-------- Data below
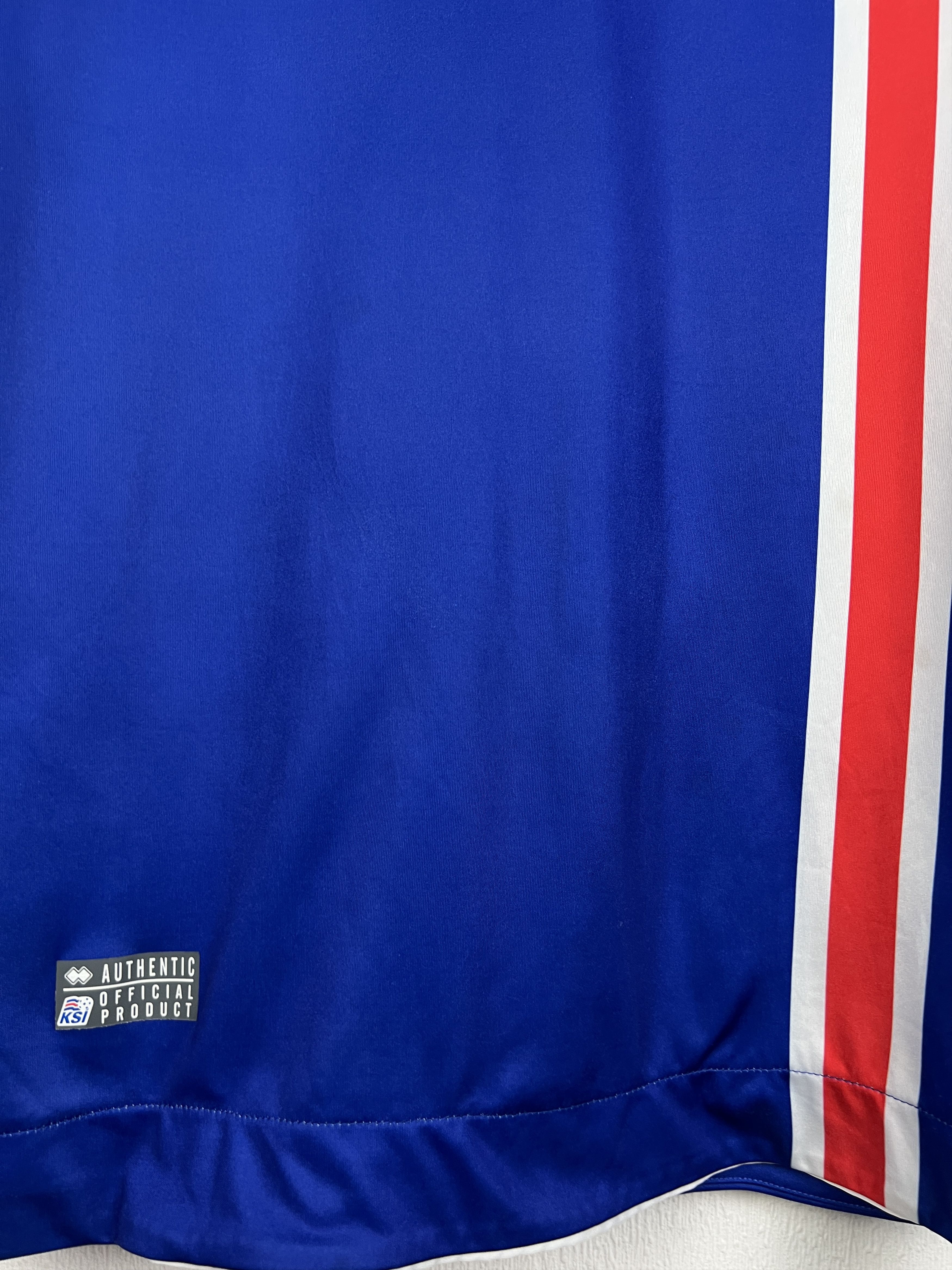Errea Iceland 2016 Football Shirt Soccer #10 Sigurdsson Jersey Size US L / EU 52-54 / 3 - 5 Thumbnail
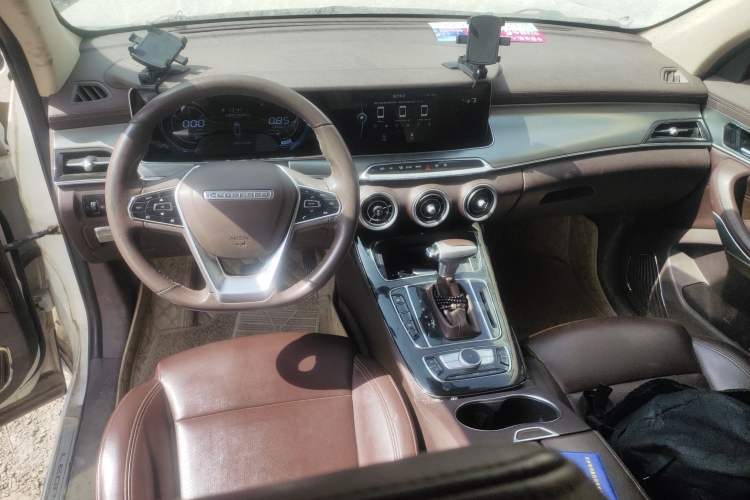 Used Leopaard Mattu 2018 1.6T GDI DCT Elite Model Center Console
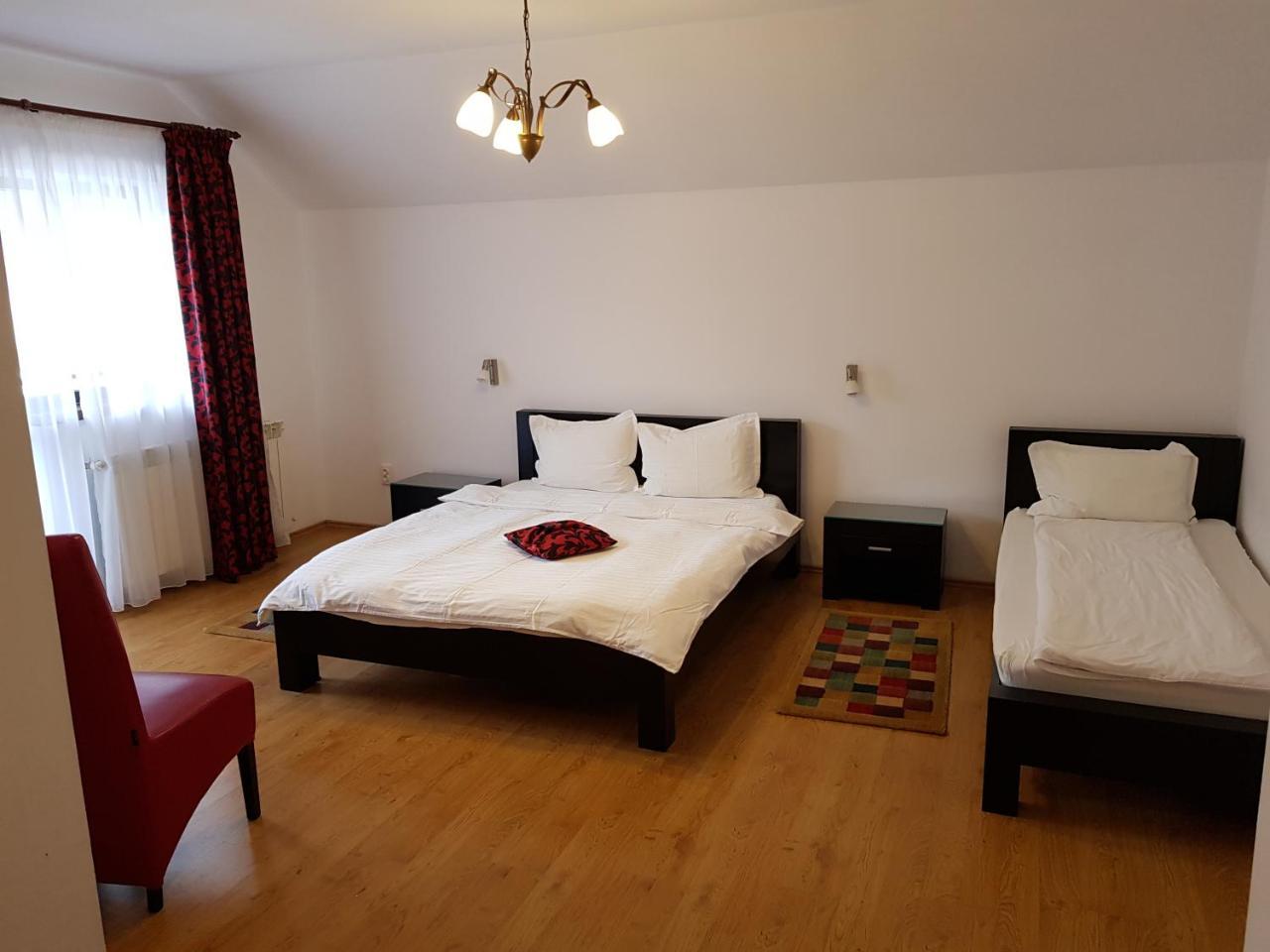 Pensiunea Roua Piatra Neamţ Exterior foto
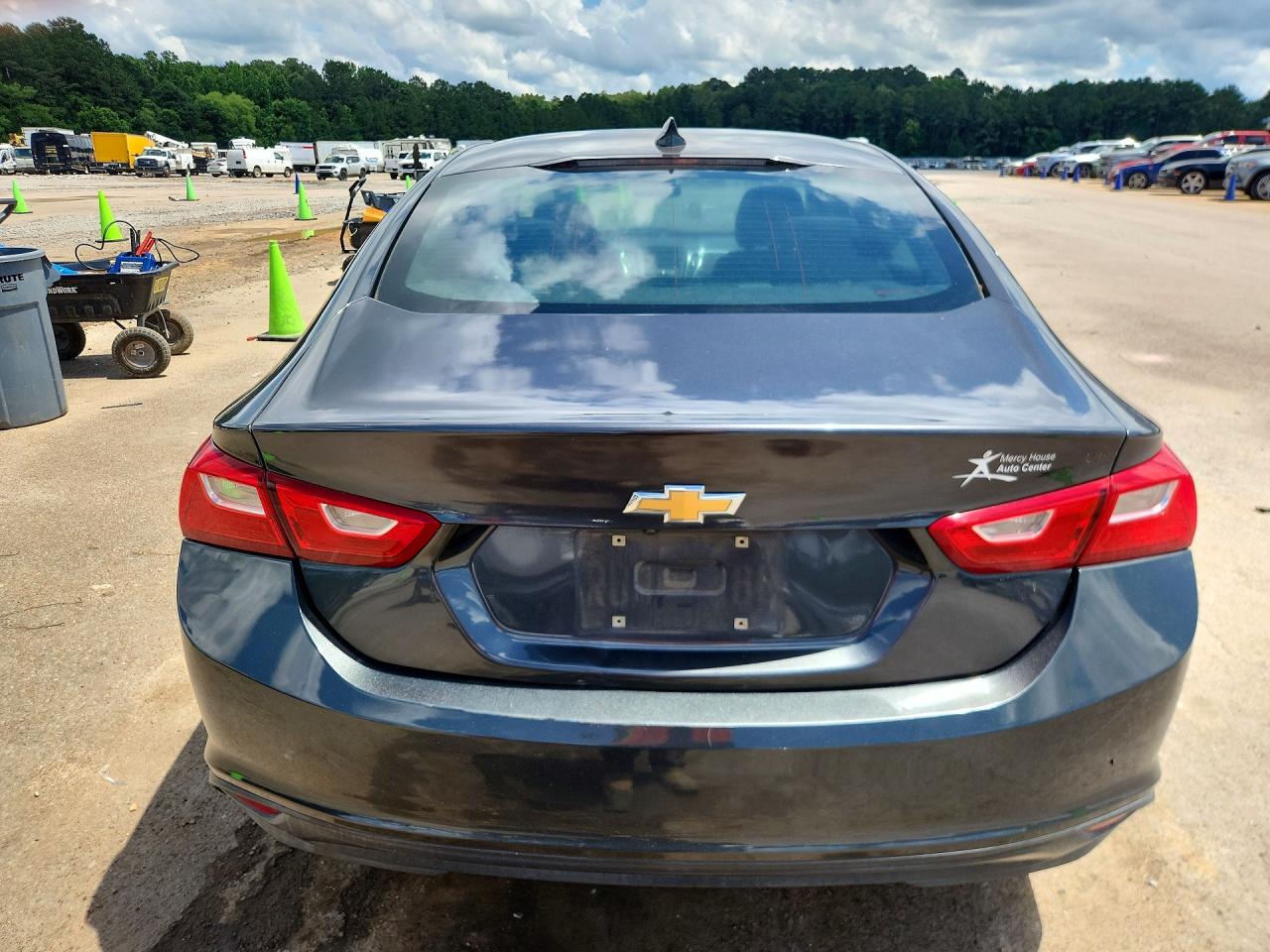 2017 CHEVROLET MALIBU LT photo 11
----------------
Task prompt:
Only the lines from the one with "Used Leopaard Mattu" through the end of the listing should be transcribed, exactly and without pictures.

Solution to the problem:
 Used Leopaard Mattu 2018 1.6T GDI DCT Elite Model Center Console
 Pensiunea Roua Piatra Neamţ Exterior foto
 2017 CHEVROLET MALIBU LT photo 11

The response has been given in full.